«Spaccio di droga sotto le case, ormai è tardi per intervenire» 

I residenti delle palazzine affacciate sul Baden Powell sconvolti dopo l’uccisione dell’adolescente «Domenica non abbiamo sentito né visto nulla: impossibile capire cosa accade in quel nascondiglio»

PESCARA. Le solite comitive di ragazzini, più o meno sempre gli stessi, nei campetti e in quel “nascondiglio” tra la parete della ferrovia e le siepi con gli oleandri, il covo in cui si è consumata la tragedia domenica scorsa. Comitive - raccontano i residenti - che nei giorni di pioggia si spostano al riparo da occhi indiscreti nella galleria Muzii.

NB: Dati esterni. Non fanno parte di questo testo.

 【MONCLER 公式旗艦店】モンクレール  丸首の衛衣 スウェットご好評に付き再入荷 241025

«Più o meno sono sempre gli stessi, se li vedessi forse saprei riconoscerli: tra i ragazzini che vengono qui al parco Baden Powell tutti i pomeriggi e tutte le sere probabilmemte c’erano i protagonisti di questa terribile vicenda. Qui ogni giorno c’è un via vai continuo, ma di risse e di situazioni pericolose non se n’erano mai viste. La sera dell’omicidio io sono uscito di casa poco dopo le 19 e la situazione era assolutamente tranquilla e silenziosa», ci dice un ragazzo, studente di medicina, che abita di fronte in via Raffaello e che porta tutti i giorni il suo cane nell’area verde tra i due moderni palazzi residenziali in cui domenica sera è avvenuto il delitto di Christopher Thomas Luciani.

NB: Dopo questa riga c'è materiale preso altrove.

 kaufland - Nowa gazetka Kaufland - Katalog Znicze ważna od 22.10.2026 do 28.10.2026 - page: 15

«Ieri pomeriggio siamo stati fuori, siamo rientrati dopo cena con la mia famiglia e abbiamo trovato il caos, tra sirene accese e uomini della scientifica che entravano ed uscivano dal parco. Fino a ieri non era mai capitata una cosa del genere. Sì, ci sono sempre dei ragazzini che consumano spinelli e fanno un po’ di confusione, ma non avremmo mai pensato ad un fatto tanto grave», ci dice una giovane mamma mentre esce da una delle due palazzine e va a lavoro.

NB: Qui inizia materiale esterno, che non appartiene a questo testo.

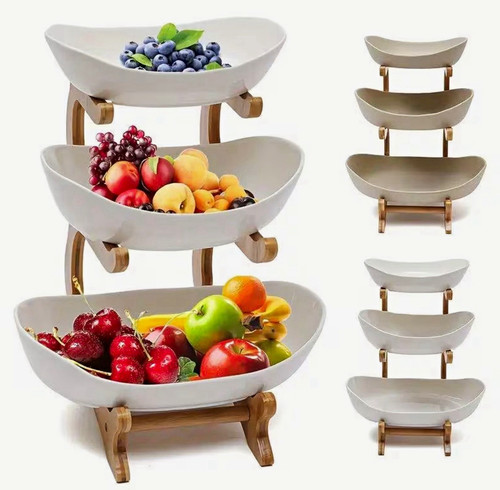 Tier oval serving - oval, stand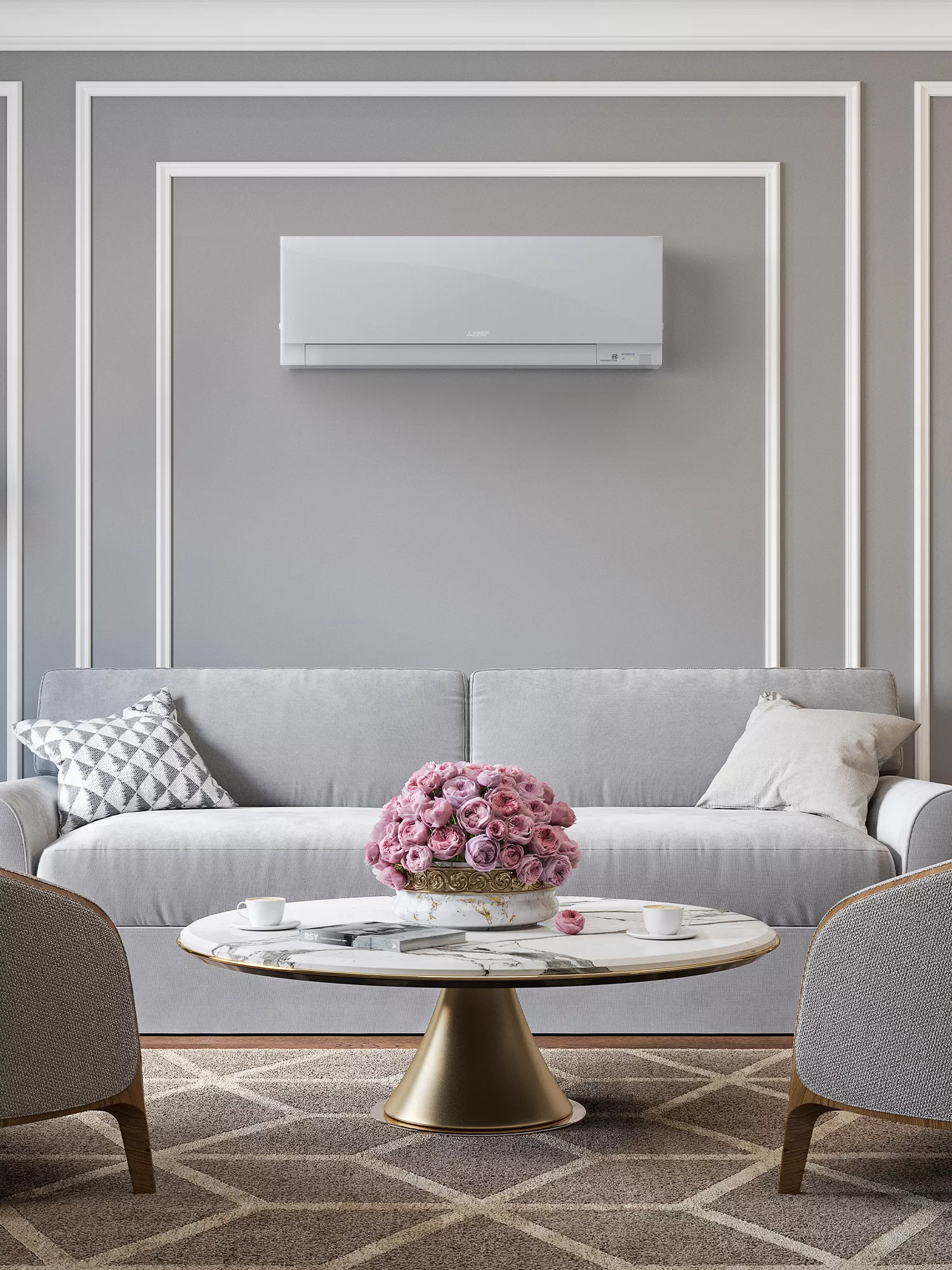 Mitsubishi Electric MSZ-EF50VGKS/MUZ-EF50VG Design Inverter WI-FI R32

C’è anche chi se la prende con il Comune: «Perché in questo parco non ci sono telecamere? La presenza di persone che consumano e spacciano è stata segnalata molte volte alla polizia locale, che arriva, dà un’occhiata e poi va via. Spesso vengono anche gruppi di extracomunitari che passano ore a mangiare, bere e fare confusione sulle panchine. Sarebbe opportuno dare maggiore tranquillità a chi frequenta il parco con un sistema di videosorveglianza. Il centro della città è pieno di telecamere, perché nei parchi non ci sono?».
Nel parco Baden Powell di via Raffaello c’è una “processione” incessante di curiosi. Chi abita in quei palazzi affacciati sui giardini pubblici esce di casa, o rientra, e guarda con gli occhi sgranati l’andirivieni di persone che affollano il “loro” parco. Ragazzini coetanei dei protagonisti dell’omicidio guardano verso quella stradina tra i rovi con lo sguardo stravolto: «Non riusciamo a capire come sia possibile, ragazzi come noi che uccidono un loro coetaneo con tale crudeltà. Secondo noi non si sono resi conto di essere andati oltre, di aver commesso un reato gravissimo».
Un gruppetto di ragazze adolescenti entra in silenzio nel parco, arriva vicino ai campetti, dove la lite tra i giovani sarebbe iniziata domenica pomeriggio, poi torna indietro e si ferma davanti al cancello, poggiando una rosa bianca con un biglietto sulla recinzione: «Giustizia per questo angelo».
«Io ero in casa all’ora del delitto», ci dice Mario, un residente, «ma il mio appartamento affaccia su via Raffaello e non sul parco. Ma per chiunque sarebbe stato difficile capire cosa stesse accadendo, perché è impossibile vedere cosa succede lì dietro a quelle siepi, dove c’è movimento di ragazzini ogni giorno e ogni sera...».